Exercise 1: Poisson regression

install.packages("pscl")    # This package allows to fit zero-inflated models
options(scipen=9)    # To fix notation
library(foreign)
library(ggplot2)
library(MASS)
library(texreg)
library(pscl)
rm(list=ls())

Poisson regression is used in instances when the dependent variable in our analyses follows a “discrete probability distribution”, which refers to the probability of a given number of events to occur in a given amount of time. In we think of an empirical situation, if we were to be interested in the distribution of the number of accidents that occur daily on a crowded street in Budapest, this particular distribution would be a Poisson one. It would have most cases in the 0 category (since usually no accidents happen in a day), with a few cases in the 1 category (just 1 accident that day), and even fewer in the 2 category (2 accidents), and so on. For these types of distributions (see below an example with \(\lambda = 0.5\)), other common types of models are of no help. OLS clearly isn’t the right choice, since any such distribution of a count of events is bounded at 0, making it a poor approximation for a normal distribution.

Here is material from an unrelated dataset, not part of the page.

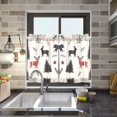 thumbnail image 4 of Yayeee Kitchen Curtains Tier Pair Light Filtering 27"x24" Rod Pocket Short Cafe Window Panel, Christmas Plaid Deer, 4 of 7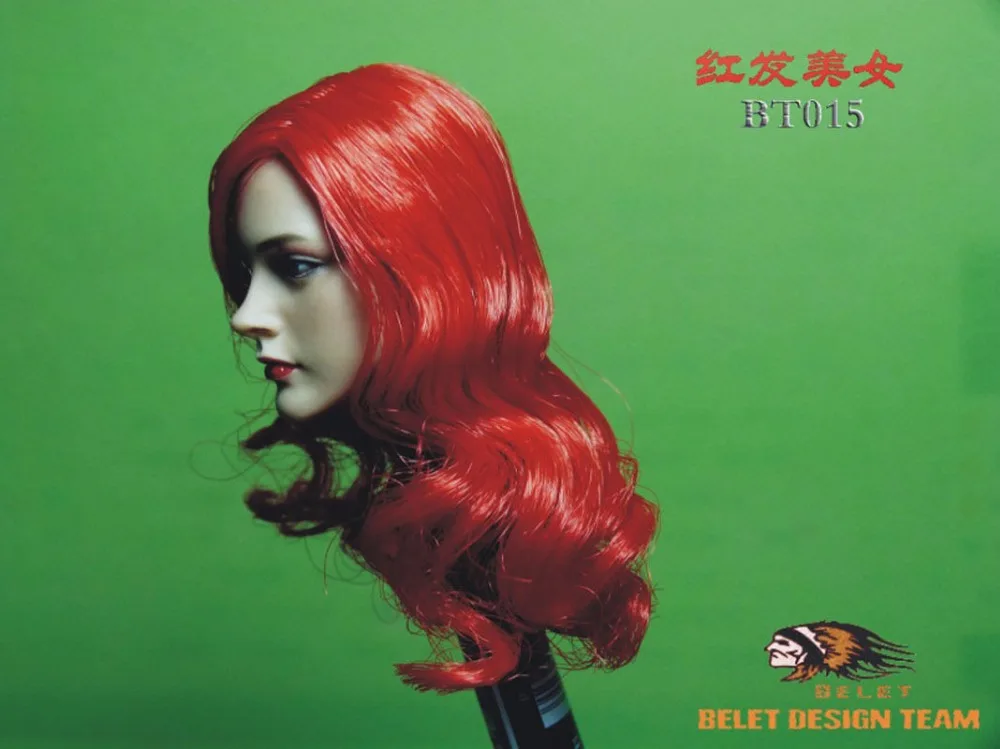 1/6 сексуальные женские красные длинные кудри голова скульптурная модель игрушки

We could try to model it as an ordinal variable, but this would result in loss of information, as we know that the probability of j number of events is less than the probability of j-1 events occurring, for any j greater or equal than 1 (see the graph in the figure again).

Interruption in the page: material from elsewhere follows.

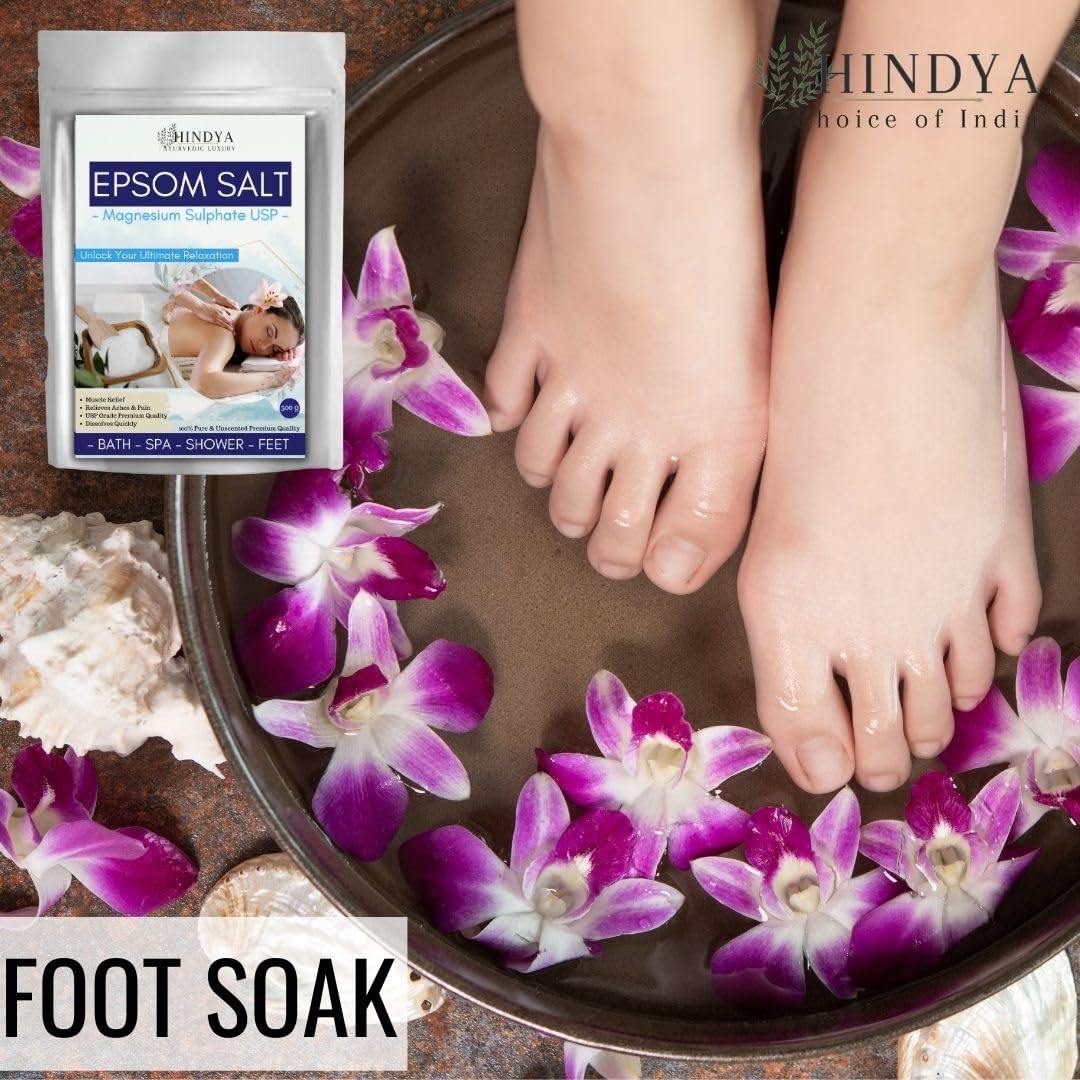 Epsom Salt 500g - Pure Magnesium Sulfate Bath Crystals for Muscle Relief & Pain Recovery | Soothes Aches, Foot Soak & Relaxation | Perfect for Post-Workout Recovery, Stress Relief & Spa Nights at Home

In this short tutorial, we continue the topic of the last lab session: online and offline mobilization in Belgium. This time, the goal is to determine what predicts the number of online mobilization attempts an individual is subjected to during a political campaign. Our theoretical expectation is that this variable is distributed according to a Poisson distribution: most individuals would have never been contacted by a party, only some would have been contacted once, and only a small minority would have been subjected to two contact attempts.

Please note that the we will be using the dataset “EES_2009_BE_D5.sav”, which is not identical to the one used yesterday. For the analyses we will use the variable “online” rather than “onl_mob” (the one used yesterday). This is because “onl_mob” was converted into a dichotomous measure for convenience. For the analysis now, however, we will use the indicator of online mobilization in the way it was measured (as a count). The new version of the dataset inclused the following variables:

setwd("~/Dropbox/Teaching/GLM_ECPR_2017/Lab/Day5")
data <- read.spss("EES_2009_BE_D5.sav", to.data.frame=TRUE, use.value.labels=FALSE)
data <- data[!is.na(data$online), ]
ggplot(data, aes(x = online)) +
  geom_bar(fill="brown") + 
  xlab("Online mobilization") + ylab("Frequency") + 
  theme_bw()

The graph confirms this: most individuals have never been contacted by a party through online means during the campaign. Looking at the parameters of the distribution (mean, variance) it looks like the variable is not even that much overdispersed.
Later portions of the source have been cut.